Calculate Distance by ID
Besides KnnSearch and RangeSearch, VSAG exposes APIs that compute the distance between a
query vector and already-indexed vectors referenced by their IDs. This is useful for
re-ranking external candidate sets, validating recall, or implementing custom retrieval
pipelines on top of VSAG.
Two flavors are provided:
CalcDistanceById— single ID, returns one distance.CalDistanceById— batch of IDs, returns aDatasetPtrcontaining distances.
Each flavor has two overloads: one taking a raw const float* (dense vectors) and one taking
a DatasetPtr (works for both dense and sparse vectors).
Note on naming.
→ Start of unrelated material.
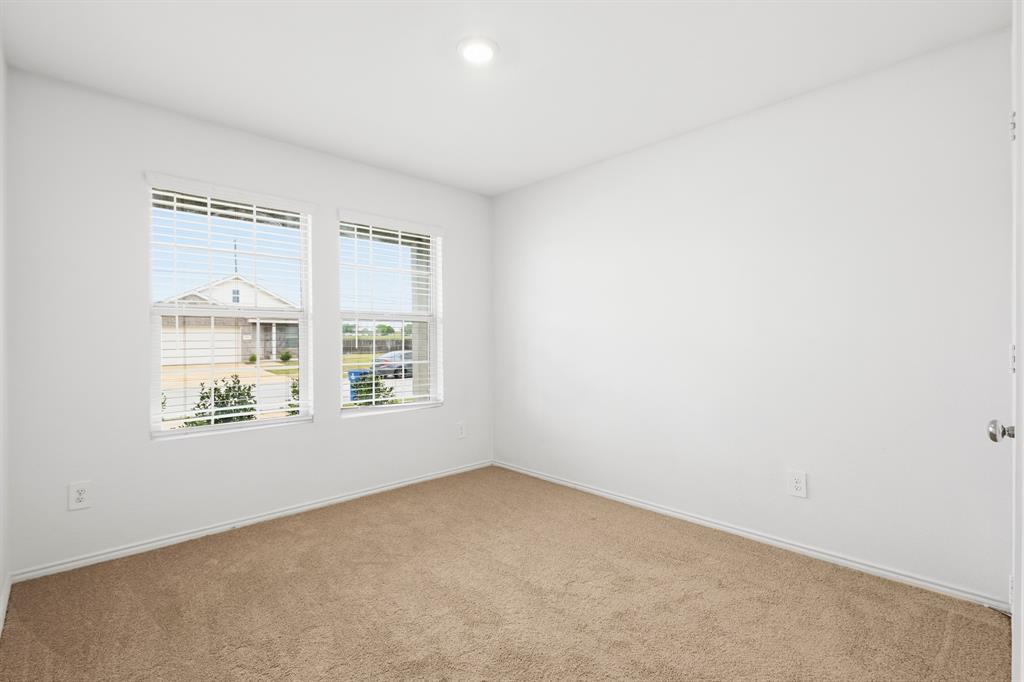 2604 Spring Time Drive Ennis, TX 75119 - Photo 3 of 21 an empty room with a window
The batch method is currently spelled
CalDistanceById(missing thecinCalc). This is a historical typo introduced when the batch overload was first added; the two names do not indicate any semantic difference beyond single vs. batch. The current spelling is kept for backward compatibility and is expected to be deprecated in a future release in favor of a correctly spelled name (proposed:CalcDistancesById). New code is encouraged to centralize calls behind a thin wrapper to ease the eventual migration. See issue #2068 for tracking.
API Overview
// Single, dense float pointer.
tl::expected<float, Error>
CalcDistanceById(const float* vector,
int64_t id,
bool calculate_precise_distance = true) const;
// Single, DatasetPtr (dense or sparse).
tl::expected<float, Error>
CalcDistanceById(const DatasetPtr& vector,
int64_t id,
bool calculate_precise_distance = true) const;
// Batch, dense float pointer.
tl::expected<DatasetPtr, Error>
CalDistanceById(const float* query,
const int64_t* ids,
int64_t count,
bool calculate_precise_distance = true) const;
// Batch, DatasetPtr (dense or sparse).
tl::expected<DatasetPtr, Error>
CalDistanceById(const DatasetPtr& query,
const int64_t* ids,
int64_t count,
bool calculate_precise_distance = true) const;
Declarations live in
include/vsag/index.h.
calculate_precise_distance
true(default): the implementation tries to use the high-precision representation of the stored vector (e.g. full-precision float32). For DiskANN this may require reading the original vector from disk and therefore incurs I/O.false: the implementation may use the quantized / approximate representation that the index already keeps in memory. Faster, but the returned distance is approximate.
Return Semantics
- The single-ID overload returns the distance as a
float. - The batch overload returns a
DatasetPtrwhoseGetDistances()array hascountentries aligned with the inputids. A value of-1in that array indicates an invalid ID (e.g. the ID does not exist in the index). - The distance metric (IP / L2 / cosine) follows the
metric_typechosen at index construction; see Metric Semantics.
Basic Usage
#include <vsag/vsag.h>
// 1. Build an HGraph index over float32 vectors.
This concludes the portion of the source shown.